WARTAXPRESS.com – Komisi Pemberantasan Korupsi (KPK) tengah menelusuri pihak yang berperan sebagai penampung dana atau “juru simpan” dalam kasus dugaan korupsi pembagian kuota haji 2023–2024 di Kementerian Agama (Kemenag). Nilai kerugian negara diperkirakan mencapai Rp1 triliun.
“Perkiraan kasarnya sekitar Rp1 triliun. Nah, siapa yang jadi juru simpan dan digunakan untuk apa saja, itu yang sedang kami dalami,” kata Plt Deputi Penindakan dan Eksekusi KPK, Asep Guntur Rahayu, dikutip dari Inilahcom, Sabtu 20 September 2025.
Menurut Asep, mengungkap peran juru simpan akan mempermudah KPK melacak aliran dana, termasuk siapa saja yang menerima uang hasil korupsi.
“Kalau sudah ketahuan dana terkumpul pada seseorang, itu akan memudahkan penyidik melakukan tracing,” jelasnya.
Untuk memperkuat penelusuran, KPK bekerja sama dengan Pusat Pelaporan dan Analisis Transaksi Keuangan (PPATK).
“Kami sudah mulai berkoordinasi dengan PPATK, nanti kita telusuri rekening-rekening, misalnya uang ada pada Mr. X, lalu Mr. X ini representasi dari siapa, digunakan di mana saja,” tambahnya.
Kasus korupsi kuota haji ini naik ke tahap penyidikan sejak 8 Agustus 2025 berdasarkan surat perintah penyidikan umum. Meski belum ada tersangka, KPK memastikan pihak yang bertanggung jawab segera ditetapkan.
Kasus bermula dari tambahan kuota 20.000 jemaah haji dari Pemerintah Arab Saudi pada 2023 setelah pertemuan Presiden Joko Widodo dengan otoritas Saudi. Tambahan kuota kemudian dibagi lewat SK Menteri Agama Yaqut Cholil Qoumas (15 Januari 2024): 10.000 untuk haji reguler dan 10.000 untuk haji khusus.
Namun, mekanisme pembagian itu diduga melanggar UU Nomor 8 Tahun 2019 tentang Penyelenggaraan Haji dan Umrah, yang mengatur kuota 92 persen untuk reguler dan 8 persen khusus.
Dalam praktiknya, terjadi jual beli kuota haji khusus. Biro travel disebut menyetor 2.600–7.000 dolar AS per kuota (Rp41,9 juta–Rp113 juta) kepada oknum Kemenag.
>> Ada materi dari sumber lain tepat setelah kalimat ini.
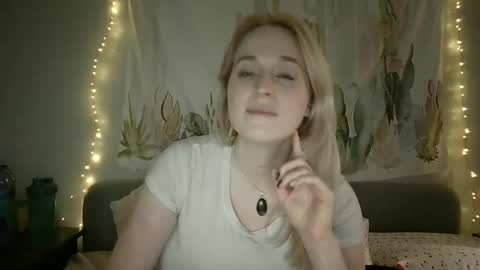 msclairewhatever online show from 09.08.25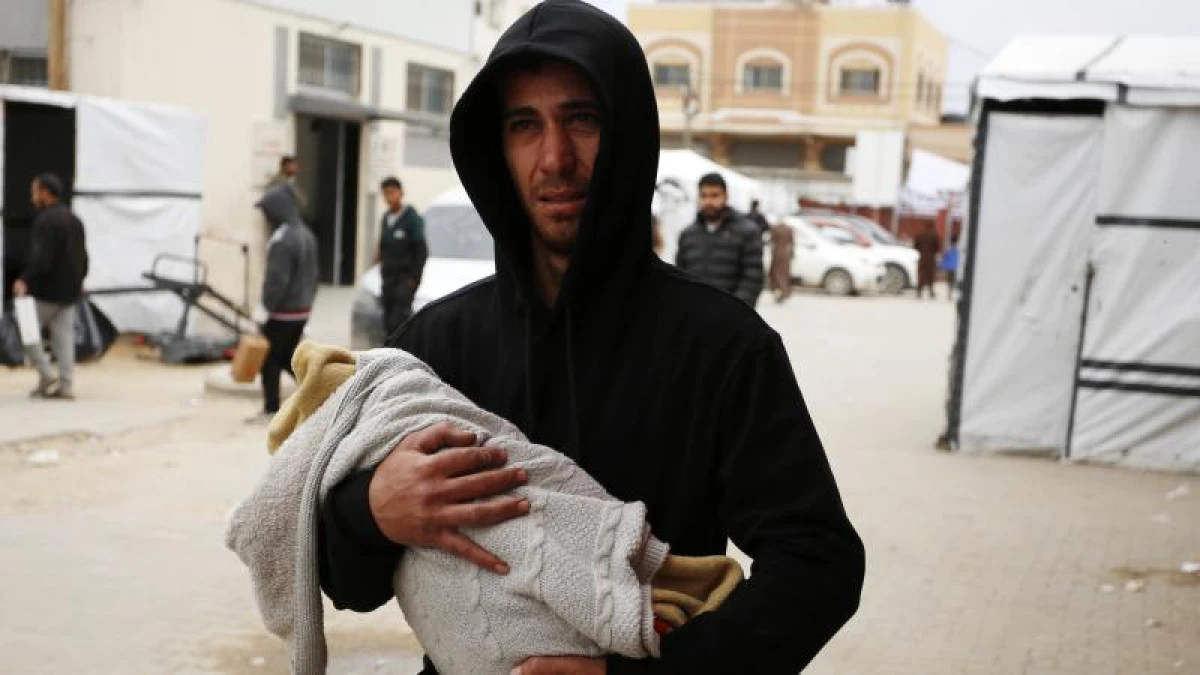 Gazze'de 20 bin hasta tedavi i&ccedil;in b&ouml;lge dışına &ccedil;ıkmayı bekliyor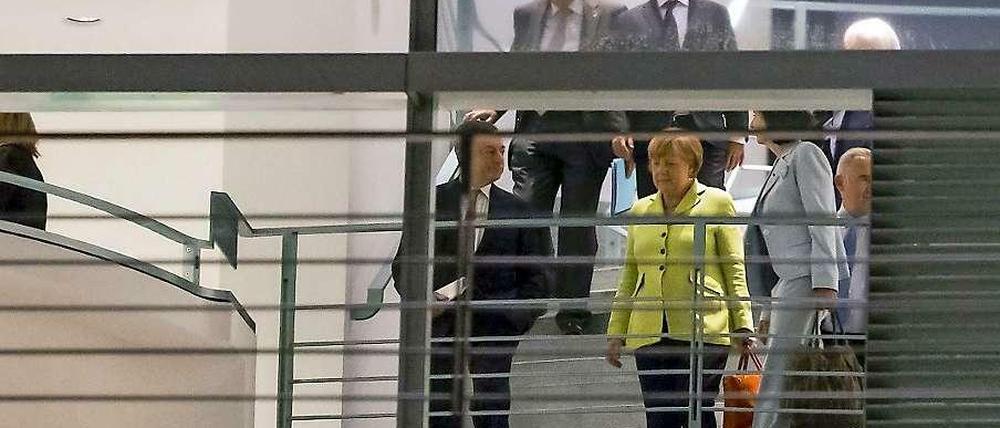 Krisentreffen im Kanzleramt. Kanzlerin Angela Merkel und der Chef der Europäischen Zentralbank, Mario Draghi (vorne links).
Uang berasal dari calon jemaah yang dijanjikan bisa berangkat 2024 meski baru mendaftar tahun itu. Akibatnya, sekitar 8.400 jemaah reguler yang sudah menunggu lama gagal berangkat karena kuotanya terpotong.
Dari hasil korupsi tersebut, sejumlah aset dibeli, termasuk dua rumah mewah di Jakarta Selatan senilai Rp6,5 miliar yang telah disita KPK 8 September 2025.
Rumah itu diduga dibeli oleh pegawai Ditjen Penyelenggaraan Haji dan Umrah Kemenag dengan dana setoran travel sebagai “komitmen” pembagian kuota tambahan.